Abstract

Approximately 90 per cent of the production of north and west-central Texas has come from the major positive structural elements: the Bend, Electra and Muenster arches. Increased attention is now being given the bordering basins, especially the north end of the Fort Worth syncline, in which five new fields were found during 1939. In north Texas shallow reservoirs of Cisco age have contributed by far the greater part of the total production and proved reserves, but shallow production is now declining while deep production, especially from the Strawn, is of ever-increasing importance. Three 1939 discoveries in Archer, Clay, and Montague counties are producing from limestones of Bend age; previously no Bend production had been found north of Young County. The reflection seismograph has had conspicuous success in the deeper parts of the east half of the north Texas district, but west of the Bend arch it has not yet demonstrated its application except in the discovery of two reef-like masses of Canyon limestone, one of which produces oil in the Seymour field, Baylor County. Surface mapping is no longer an important exploratory tool, but systematic subsurface work is of increasing importance.

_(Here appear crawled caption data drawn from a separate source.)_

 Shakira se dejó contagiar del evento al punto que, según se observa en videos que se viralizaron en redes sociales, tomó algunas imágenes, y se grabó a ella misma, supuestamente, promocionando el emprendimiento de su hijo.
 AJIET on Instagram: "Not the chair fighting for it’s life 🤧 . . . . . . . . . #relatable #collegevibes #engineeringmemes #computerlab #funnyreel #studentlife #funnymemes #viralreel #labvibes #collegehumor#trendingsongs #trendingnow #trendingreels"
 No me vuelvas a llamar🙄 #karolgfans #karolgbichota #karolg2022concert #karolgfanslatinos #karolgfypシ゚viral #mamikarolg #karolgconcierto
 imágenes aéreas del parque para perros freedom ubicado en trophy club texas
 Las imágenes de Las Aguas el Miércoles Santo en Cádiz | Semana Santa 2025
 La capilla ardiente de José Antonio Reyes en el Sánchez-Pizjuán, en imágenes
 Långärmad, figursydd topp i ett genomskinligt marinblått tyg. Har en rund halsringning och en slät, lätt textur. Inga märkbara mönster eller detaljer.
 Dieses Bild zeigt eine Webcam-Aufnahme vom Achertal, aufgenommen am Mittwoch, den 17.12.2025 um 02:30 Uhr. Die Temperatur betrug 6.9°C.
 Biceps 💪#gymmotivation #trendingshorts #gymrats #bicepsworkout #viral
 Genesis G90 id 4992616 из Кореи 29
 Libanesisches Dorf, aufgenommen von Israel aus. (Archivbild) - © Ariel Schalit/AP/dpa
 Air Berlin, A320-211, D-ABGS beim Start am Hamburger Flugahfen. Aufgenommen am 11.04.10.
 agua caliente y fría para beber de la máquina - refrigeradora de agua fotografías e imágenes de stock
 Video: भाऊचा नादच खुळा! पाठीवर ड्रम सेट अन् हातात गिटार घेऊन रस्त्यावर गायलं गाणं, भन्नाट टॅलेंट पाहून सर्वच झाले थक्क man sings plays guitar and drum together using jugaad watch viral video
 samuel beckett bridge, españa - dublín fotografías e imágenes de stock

Simpson sediments were encountered above the Ellenburger limestone near the axis of the Fort Worth syncline, and increased thickness of post-Ellenburger Ordovician may be looked for farther south in the deeper parts of the syncline. The top of the Ellenburger was reached in Hardeman County at the greatest depth found to date west of the Muenster arch. The name Hardeman syncline is proposed for the large syncline lying between the Electra arch and the Wichita Mountains.